▶ [Extracted entries]:
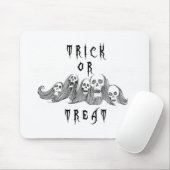 Halloween Hexen Trick oder Treat Mousepad (Mit Mouse)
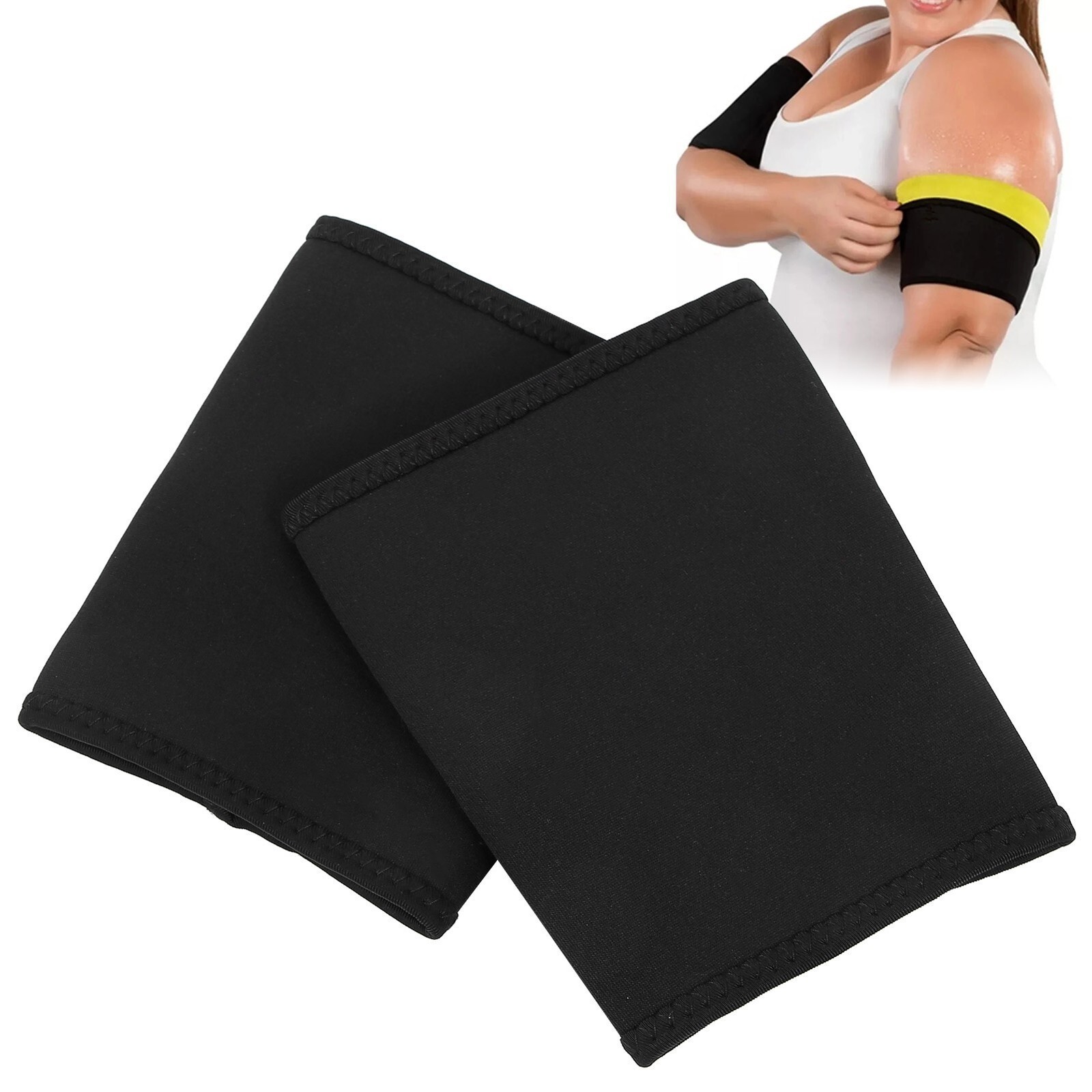 Neoprene Slimming Arm Shaping Wraps Compression Sleeve Upper Arm Shaper Trainer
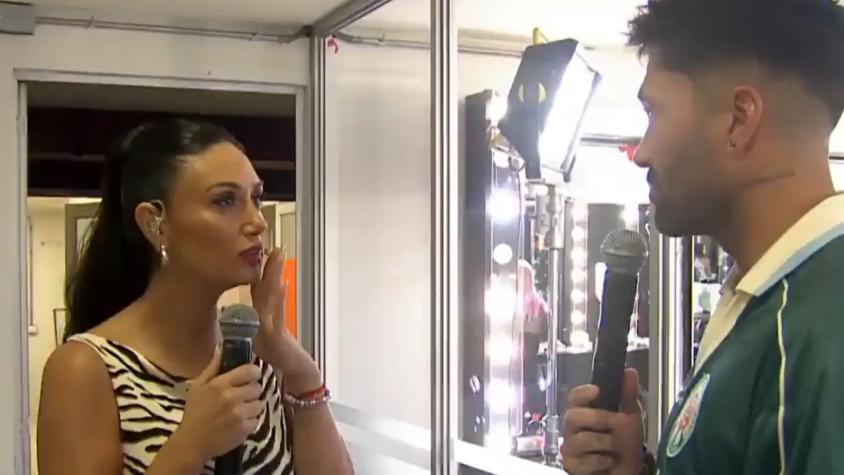 Luis Jiménez se "molesta" con broma de Pamela Díaz: "Con amigas así..."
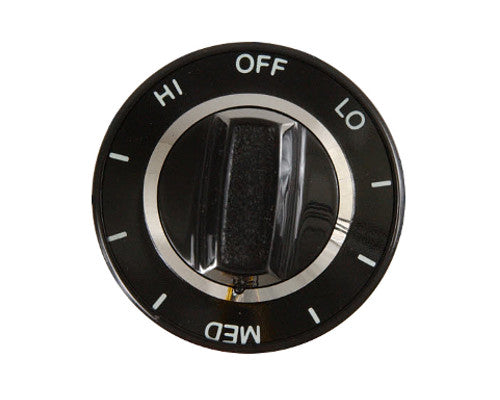 GE Infinite Control Knob (Black) JSC26GP1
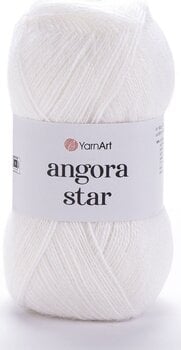 Pletacia priadza Yarn Art Angora Star 501 Pletacia priadza - 1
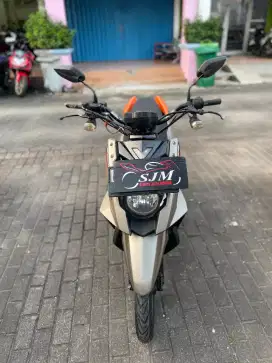 YAMAHA X-RIDE 2017 MESIN HALUS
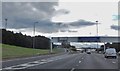 The M8 at junction 11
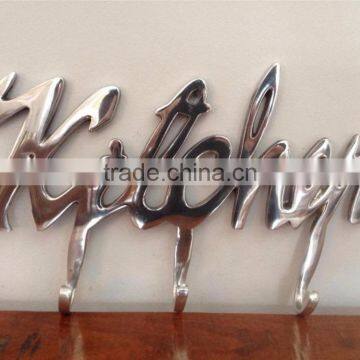 kitchen antique metal wall hangers for cutlery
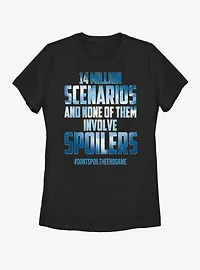 Marvel Avengers: Endgame Fourteen Million Scenarios Womens T-Shirt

▶ [Exercise prompt]:
The expected output is the full material above, word for word, without pictures.

▶ [Answer for the task]:
 Halloween Hexen Trick oder Treat Mousepad (Mit Mouse)
 Neoprene Slimming Arm Shaping Wraps Compression Sleeve Upper Arm Shaper Trainer
 Luis Jiménez se "molesta" con broma de Pamela Díaz: "Con amigas así..."
 GE Infinite Control Knob (Black) JSC26GP1
 Pletacia priadza Yarn Art Angora Star 501 Pletacia priadza - 1
 YAMAHA X-RIDE 2017 MESIN HALUS
 The M8 at junction 11
 kitchen antique metal wall hangers for cutlery
 Marvel Avengers: Endgame Fourteen Million Scenarios Womens T-Shirt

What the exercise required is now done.